New issue
Advanced search Search tips

Issue 886988 link

Starred by 2 users

Issue metadata

Status: Fixed
Owner:
Closed: Dec 17
Components:
EstimatedDays: ----
NextAction: ----
OS: Linux , Windows , Chrome , Mac
Pri: 2
Type: Bug

Blocking:
issue 806995



Sign in to add a comment

Entity Suggestions Can Be Dup-Eliminated Erroneously

Project Member Reported by mpear...@chromium.org, Sep 19

Issue description

search_provider uses the |additional_query_params| provided by the suggest server identify entity matches.  It makes sure not to mark matches with different |additional_query_params| as duplicates of each.
https://cs.chromium.org/chromium/src/components/omnibox/browser/base_search_provider.cc?sq=package:chromium&g=0&l=439-441

This smartness doesn't happen in AutocompleteResult.  AutocompleteResult only looks at the underlying search terms, not the extra parameters, when combining duplicates.
https://cs.chromium.org/chromium/src/components/omnibox/browser/autocomplete_match.cc?type=cs&q=GURLToStrippedGURL&g=0&l=494-563

This means that we can't distinguish between entity suggestions whose query terms are the same as a non-entity search suggestion with the same query terms. The latter can appear alongside entity suggestions in the case of a verbatim suggestion or a search suggestion from the user's local history.

The effect of this issue as experienced by the user is that they will see an entity suggestion in the list as they type but as they continue to type the entity suggestion will disappear if and when it gets deduped with a non-entity search suggestion.

As an example, enable chrome://flags/#omnibox-rich-entity-suggestions and start typing "jefferson". After a few characters, the *Thomas Jefferson* entity will appear. Once the 'n' is added, the entity suggestion is deduped with the [jefferson] verbatim suggestion and the entity suggestion disappears.
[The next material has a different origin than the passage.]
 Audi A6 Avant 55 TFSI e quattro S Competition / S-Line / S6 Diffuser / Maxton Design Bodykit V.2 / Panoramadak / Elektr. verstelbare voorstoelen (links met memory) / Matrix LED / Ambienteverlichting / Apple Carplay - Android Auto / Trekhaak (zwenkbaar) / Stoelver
Theoretically, this also could cause two entities such as *Thomas Merton* and *Merton Hanks* to be deduped against each other. But in practice, this currently doesn't happen because the backend appears to never have the same query terms associated with two different entity suggestions. In other words, the query terms will be [merton] for *Thomas Merton* and [merton hanks] for *Merton Hanks*. Never [merton] for both, even though they could be distinguished by the gs_ssp param in additional_query_params. Nevertheless, the fix described above would cover this potential case as well.
 
Summary: Entity Suggestions Can Be Dup-Eliminated Against Each Other (was: Entity Suggestions Will Be Dup-Eliminated Against Each Other)
At least the code makes it appear like that happens.  Yet, I see multiple suggestions sometimes.  Let me try to find an example where this is a problem.
Blocking: 806995
Labels: -Pri-3 Pri-2
Status: Available (was: Untriaged)
Summary: Entity Suggestions Can Be Dup-Eliminated Erroneously (was: Entity Suggestions Can Be Dup-Eliminated Against Each Other)
Here's an example [merton].  chrome://omnibox output below.
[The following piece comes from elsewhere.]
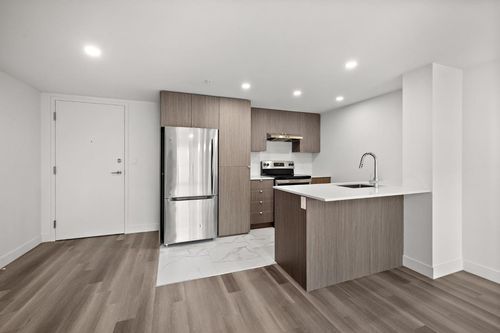 205-6311 Boul Gouin O, Montréal, QC, H4K1A7 | Card Image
The suggest server and the Search provider are returning the verbatim suggestion for [merton] and an entity suggestion labeled as "Thomas Merton", though with the search being for "merton" itself and additional_query_params (gs_ssp=) used to distinguish between these two items.  Yet when AutocompleteResult comes along, it removes the "Thomas Merton" suggestion, as it decides that it's equivalent to the "merton" suggestion".

Given how easy this was to find--it was only my third try asking an ambiguous query--and that it removes a high-quality query suggestion, replacing it with a much lower one, I think this probably ought to be fixed before attempting to launch rich entities.

----
chrome://omnibox output:

Combined results.
Provider	Type	Relevance	Contents	URL
Search	search-what-you-typed	1300	merton	https://www.google.com/search?q=merton&oq=merton&aqs=chrome..69i57j46j0l3&sourceid=chrome&ie=UTF-8
Search	search-suggest-entity	601	Merton Hanks	https://www.google.com/search?gs_ssp=eJzj4tTP1TcwLixJtzRgBAATYAL4&q=merton+hanks&oq=merton&aqs=chrome.1.69i57j46j0l3&sourceid=chrome&ie=UTF-8
Search	search-suggest	567	merton's strain theory	https://www.google.com/search?q=merton%27s+strain+theory&oq=merton&aqs=chrome.2.69i57j46j0l3&sourceid=chrome&ie=UTF-8
Search	search-suggest	566	merton college	https://www.google.com/search?q=merton+college&oq=merton&aqs=chrome.3.69i57j46j0l3&sourceid=chrome&ie=UTF-8
Search	search-suggest	565	merton hanks dance	https://www.google.com/search?q=merton+hanks+dance&oq=merton&aqs=chrome.4.69i57j46j0l3&sourceid=chrome&ie=UTF-8

Results for individual providers.
Provider	Type	Relevance	Contents	URL
Search	search-what-you-typed	1300	merton	https://www.google.com/search?q=merton&sourceid=chrome&ie=UTF-8
Search	search-suggest-entity	1300	Thomas Merton	https://www.google.com/search?gs_ssp=eJzj4tTP1TcwNDGJTzJgBAAQ_wKa&q=merton&oq=merton&sourceid=chrome&ie=UTF-8
Search	search-suggest-entity	601	Merton Hanks	https://www.google.com/search?gs_ssp=eJzj4tTP1TcwLixJtzRgBAATYAL4&q=merton+hanks&oq=merton&sourceid=chrome&ie=UTF-8
Search	search-suggest	567	merton's strain theory	https://www.google.com/search?q=merton%27s+strain+theory&oq=merton&sourceid=chrome&ie=UTF-8
Search	search-suggest	566	merton college	https://www.google.com/search?q=merton+college&oq=merton&sourceid=chrome&ie=UTF-8
Search	search-suggest	565	merton hanks dance	https://www.google.com/search?q=merton+hanks+dance&oq=merton&sourceid=chrome&ie=UTF-8
So the issue really doesn't have anything to do with the fact that there are two "merton" entities, right? It's just that Thomas Merton gets deduped with [merton] and the latter takes precedence when really the entity suggestion should take precedence. Is that correct?
And part of the problem is that the backend is returning both with the same relevance score. You suggest in https://crbug.com/860054 that they should choose difference relevance scores, which makes sense. But in the meantime, how about we just add "is entity suggestion" as a tiebreaker?
mpearson: can you comment on my questions here? It seems to me that there's not actually an issue with deduping multiple entity suggestions.
> So the issue really doesn't have anything to do with the fact that
> there are two "merton" entities, right?
Correct.  (I didn't even notice there were two merton entities.)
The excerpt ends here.